遊ぶように生きる。Vivi kiel Ludi.

日本認知科学会の学習と対話研究分科会

標記の研究会が東大で開かれた.参加者80名という盛況ぶり.教育心理学会の直前ということもあったのかな.

私は「大学初年次教育の中のレポートライティング指導の実践例」というタイトルで話題提供.認知科学会関係で話をするのは,実に十年ぶり以上ではないだろうか. 討論が始まって,「これこれ,こういう雰囲気だった」というのを思い出した.遠慮やてらいのない,ガチの議論ね.

発表内容は,アカデミック・ライティングのトレーニング方法として,

  1. Toulminの三角ロジックで,主張の方法の訓練
  2. 序論・本論・結論の5段落構成で1000字レポートの訓練
  3. ピアレビューを,表現レベル,ロジックレベル,メタレベルで実施

というコースを設定して,実践していることの報告.

気づかされたことは,こういう「型」から入るトレーニング方法は,中身の面白さ,発想のユニークさ,というのが置き去りになりがちだということ.でも,それを差し引いても,型から入って,一種の「基礎トレーニング」をすることに効果があると考えている.

とはいえ,面白さも求めたい.特に「面白い」トピックや問題設定をすることは,大切.減点はされないけれども,当たり前のことしか書いていないレポートを読まされるのは,そういう可能性は十分あるとは知りながらも,寂しい感じがするので.

その意味で,鈴木宏昭さん(青学)が指摘していた,感情の働きには注目したい.「あ,これは面白そう!」という感情の動きを,書くことへのきっかけとして使えたらいいな.

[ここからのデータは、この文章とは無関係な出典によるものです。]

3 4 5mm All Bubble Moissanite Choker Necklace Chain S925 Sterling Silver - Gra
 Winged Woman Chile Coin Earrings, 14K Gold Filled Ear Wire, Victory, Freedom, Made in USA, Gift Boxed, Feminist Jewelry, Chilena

しかし,何もないところから面白いトピックは掘り出せない.そのためには書く前の読みの訓練が必要なのだろう.特にただ受け入れるだけの受容型の読みから,自己準拠的な読みを身につけること.これもまたトレーニングの1項目として入れたい.

追記

「野菜さらだの「大人になんかなりたくない!」」に同研究会のレポートがあります.

追記2

「tate-lab - 教育・学習について研究する院生のblog」に,内容を含めた詳細なレポートが掲載されました.